To celebrate this milestone in entertainment longevity, the movie of the show was released. Many of the radio program’s favorites were in the cast and some of the bits as well, absent the most famous bit, “Lake Wobegon.” That was disappointing; how can you make a movie titled A Prairie Home Companion without the News From Lake Wobegon?
Nevertheless, it was a great movie, featuring a great cast: Meryl Streep, Lily Tomlin, Kevin Kline, Woody Harrelson, Virginia Madsen, Tommy Lee Jones, John C. Reilly, Lindsay Lohan, L.Q. Jones, Maya Rudolph, Marylouise Burke, Sue Scott, Tim Russell, Tom Keith, The Guy’s All-Star Shoe Band and a list of others, directed by Robert Altman.
The man who made M•A•S•H and The Player, Nashville and The Long Goodbye, Dr. T and the Women (A very surprising film!) and The Company (Another surprising film written by Neve Campbell); probably the most idiosyncratic director of our time — who never won the Oscar for Best Director.

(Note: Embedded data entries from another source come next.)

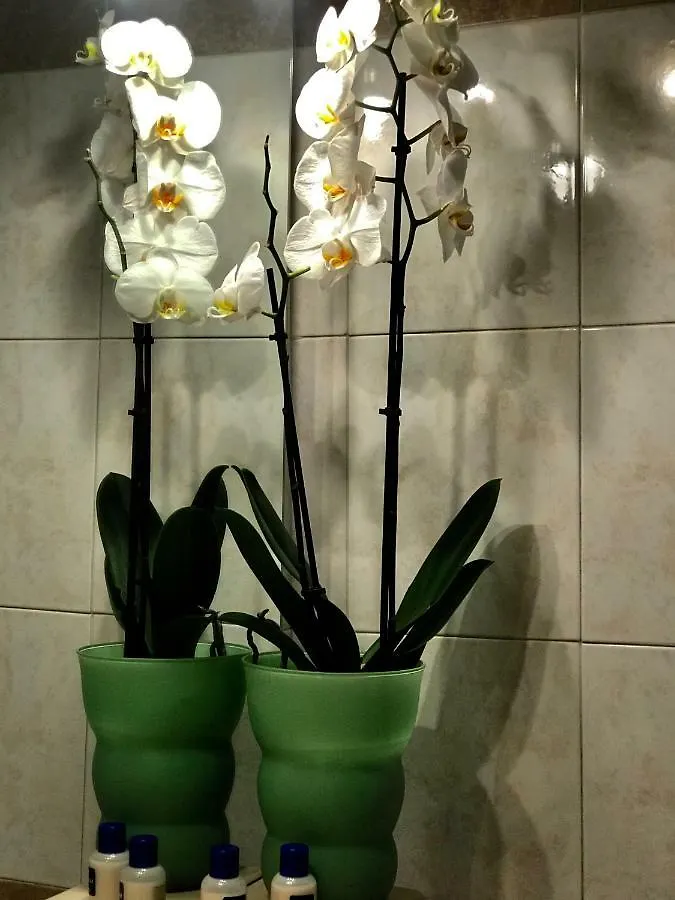 Appartamento Cute Flat - Best Price - Wi Fi - Ac - Tv Firenze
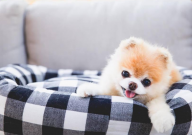 贵宾犬和泰迪哪个好（好养些）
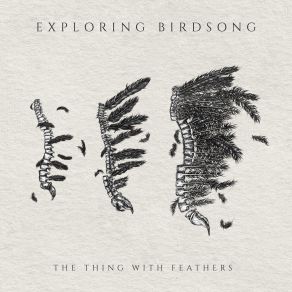 Download track The River Exploring Birdsong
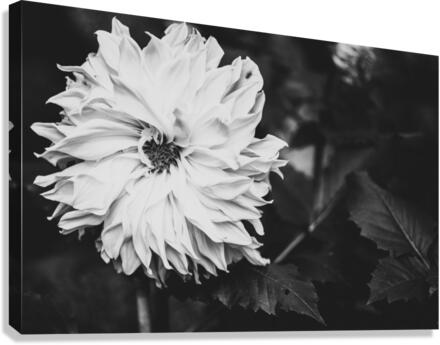 Monochromatic Petals Canvas Print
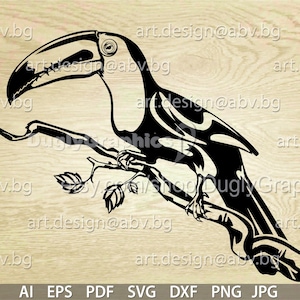Vector TOUCAN, AI, PNG, eps, pdf, svg, dxf, jpg downloaden, digitaal beeld, grafisch, dier, enorme snavelvogel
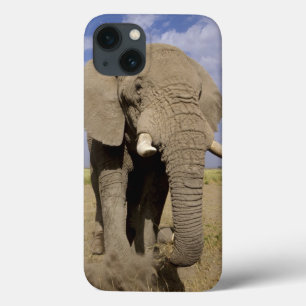 Quênia: Parque Nacional de Amboseli, elefante mach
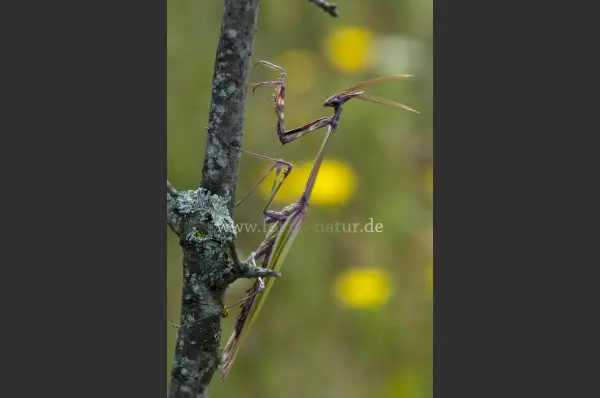 Fokus-Natur Bild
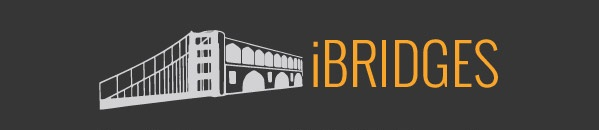 انجمن i-aim از سال ۲۰۱۴ بانی پروژه&zwnj;ای به نام iBRIDGES در خارج از کشور شد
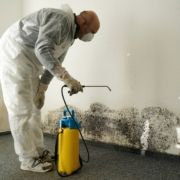 Schimmels in uw slaapkamer? Wat te doen?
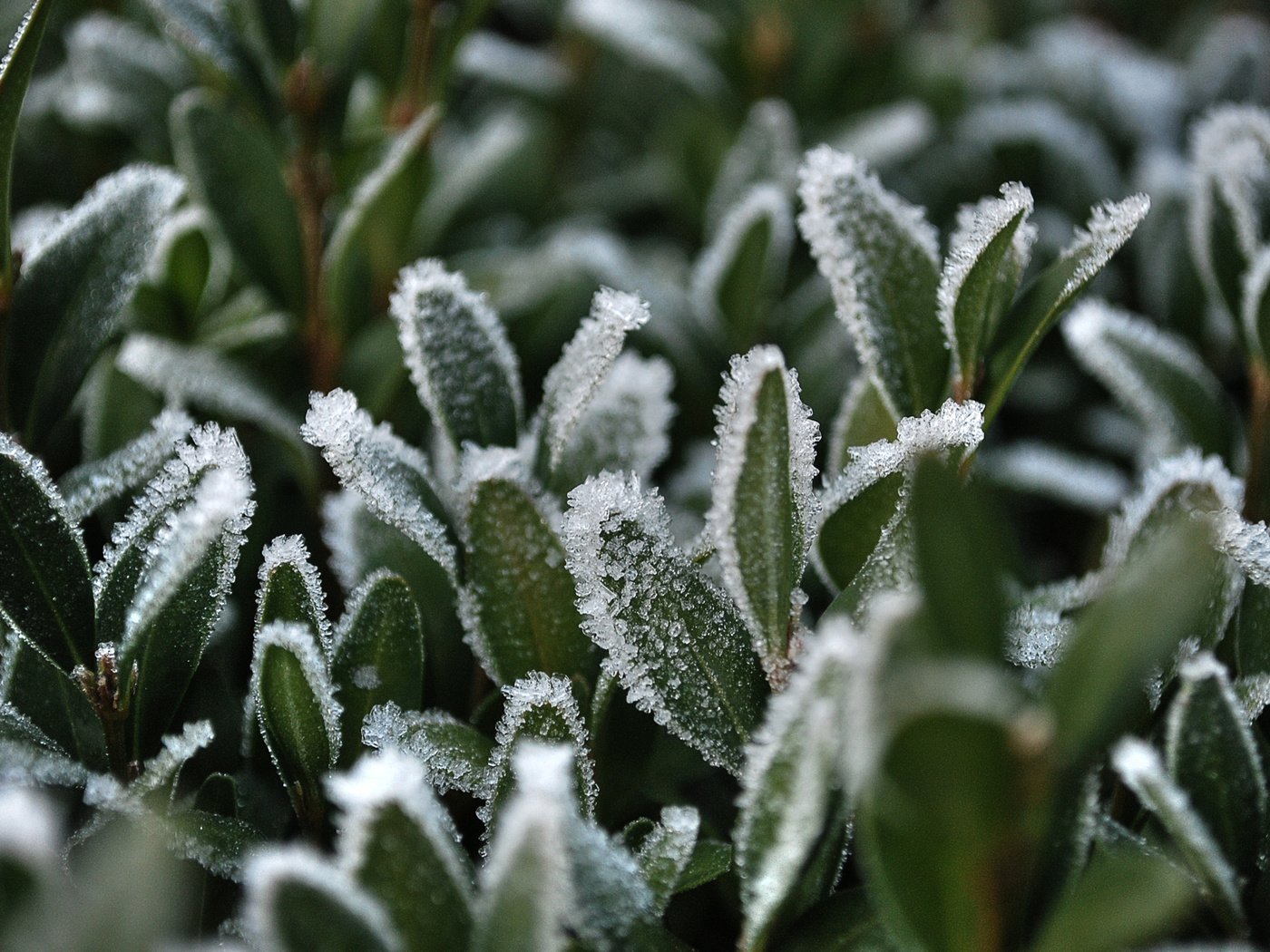 Обои трава, снег, иней, grass, snow, frost разрешение 2560x1600 Загрузить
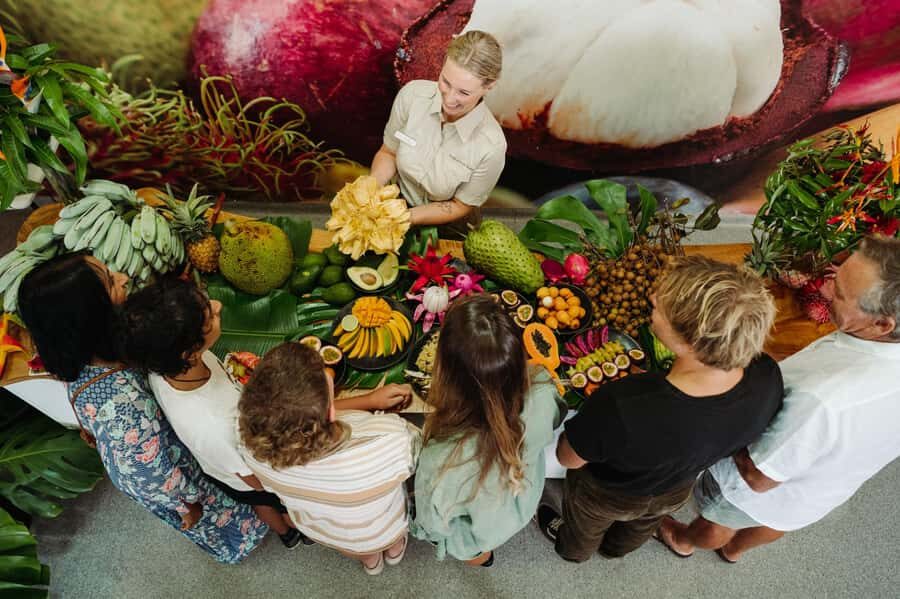 Gold Coast: Tropical Fruit World Full Farm Tour - Who Will Love This Tour?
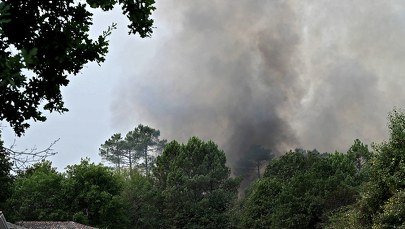 We Francji płoną tysiące hektarów lasów. Ewakuowano 500 osób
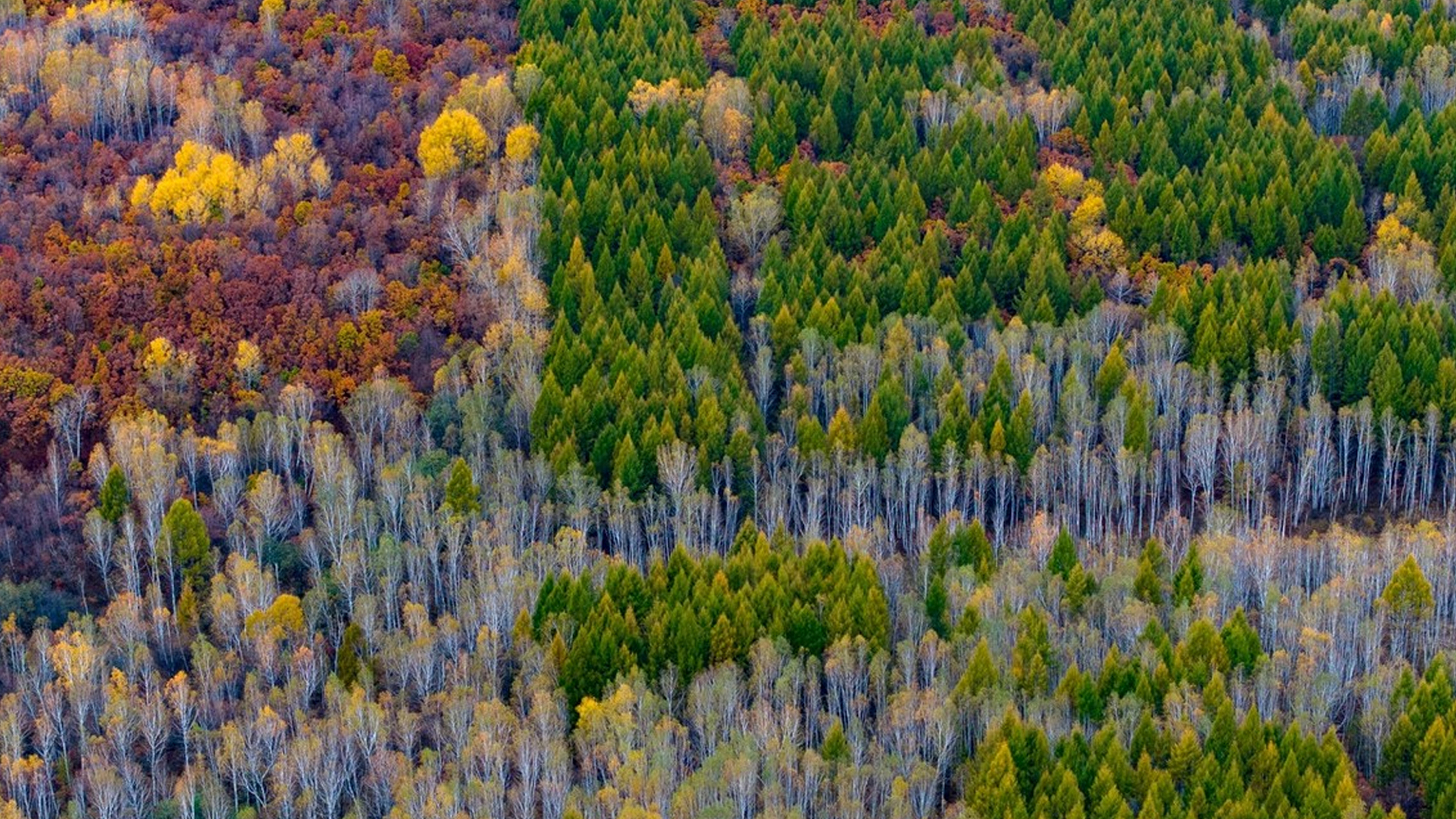 进入深秋时节,黑龙江逊克县五花山层林尽染,五彩斑斓,仿佛打翻了七色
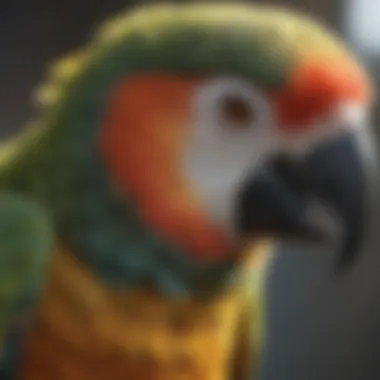 Parrot Neck Strokes A parrot enjoying gentle neck strokes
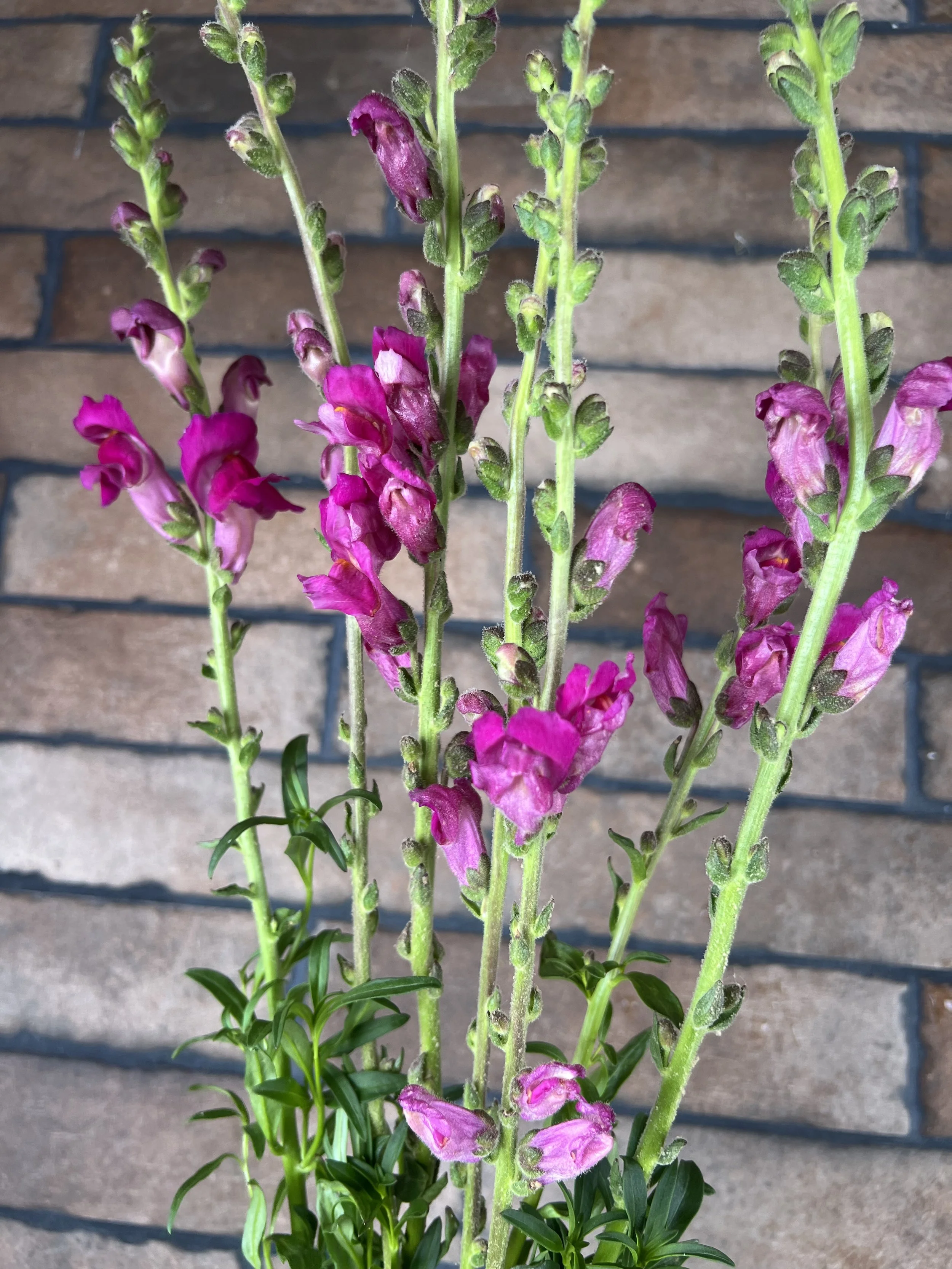 Snapdragon Purple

His 1970 hit M•A•S•H helped define the anti-war movement during the Vietnam era, The Long Goodbye (1973) was his first jab at mocking Hollywood, the industry and Nashville did the same for the music scene. Then there was The Player, the ultimate swipe at the motion picture industry and one of the five best films of the 1990’s — and probably why he didn’t win an Oscar for Best Director.
Altman died in Los Angeles November 20 and we will no longer look forward to his latest film. Altman’s focus in the film is on death or loss. One of APHC’s fictional characters dies in a dressing room, two sisters constantly speak of their departed sisters and mother, the future of APHC up in the air; it was as if Altman thought to say goodbye to his audience. I guess that’s all the reason to watch this film if you haven’t already. After reading the news of the day, I also wonder if he wasn’t making another comment on war, this one far more subtle than M*A*S*H. Something more to ponder.
Robert Altman was a veteran of World War II, a co-pilot on bombing missions over Borneo and the Dutch East Indies, this contribution to our lives always over-looked when considering the full measure of the man. And I always suspect this shaped his view of war and made him always questions the reasons for war.
The Altman family was missing someone this Thanksgiving too. He, like my brother, was a good man.